In their first extensive comments on the landmark decision in Detroit, lawyers with CalPERS said California pensions carry major legal protections not found in Detroit.

“The differences between Detroit and the state of California and CalPERS are substantial,” said Gina Ratto, the pension fund’s interim general counsel, in a conference call with reporters.
I'm so comforted by this news.

(My retirement is in a system parallel system to CalPERS.)

Read more here: http://www.sacbee.com/2013/12/13/5998696/calpers-officials-detroit-pension.html#storylink=cpy

1 comment:

allen (in Michigan) said...

I did a little poking around and came across Steve Malanga's piece at City Journal - http://tinyurl.com/bggmmg4 - and reading that, the article you link is almost unreasonably optimistic if not deliberately misleading.

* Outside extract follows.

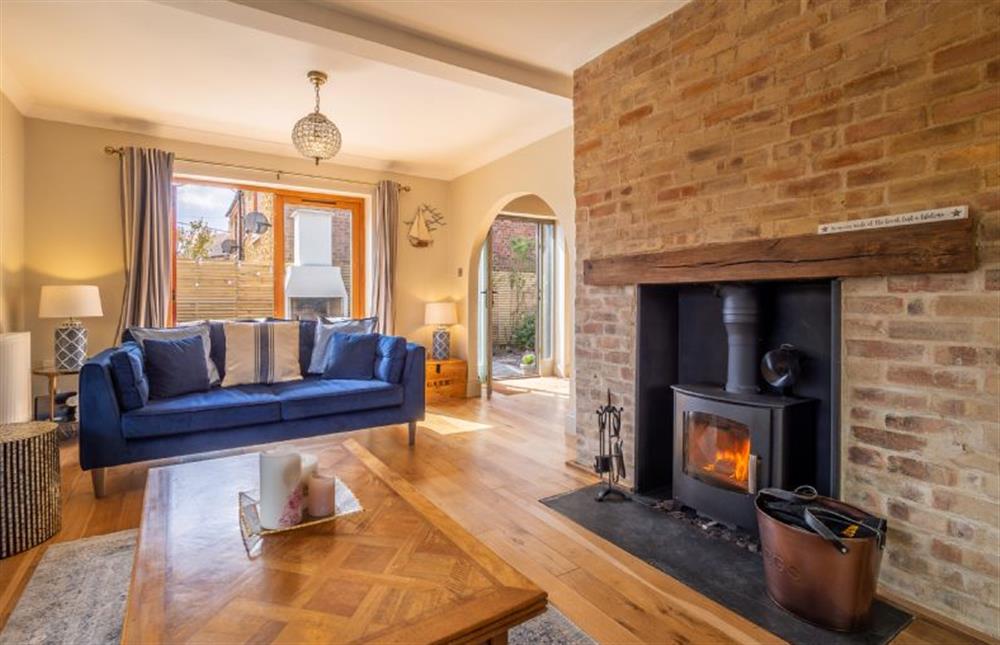 Ground floor: Comfortable seating and wood burning stove at Monkey Puzzle Cottage, Snettisham near Kings Lynn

Malanga doesn't come right out and say it but it's not hard to imply from the figures involved, unfunded liability, demands on the municipalities to make up current shortfalls that have helped push cities to bankruptcy, unreasonable assumptions about rates of return, that the situation's already rather more dire then is generally understood and that CALPERS has been doing its best to paper over the more obvious evidence of the situation.

Malanga does throw in one paragraph as a ray of hope with the suggestion that a defined-contribution plan would help but I suspect the sums involved to match currently-projected benefit payouts would be just as untenable as under the current, defined-benefit plan. Maybe I'm wrong but the benefit Malanga points to is that the tax-payer's liability ends when the annual contribution's been made, not that pension payouts will remain where they are which suggests to me that he's not all that willing to get into the details.

What seems to be missing from all the discussions about government employee pensions is federalization of the obligation. I suspect that's a reflexive, if unconscious, admission that federalizing those pensions isn't remotely realistic and there's no point in opening the discussion while there are budget gimmicks yet to be used to put off the day of reckoning.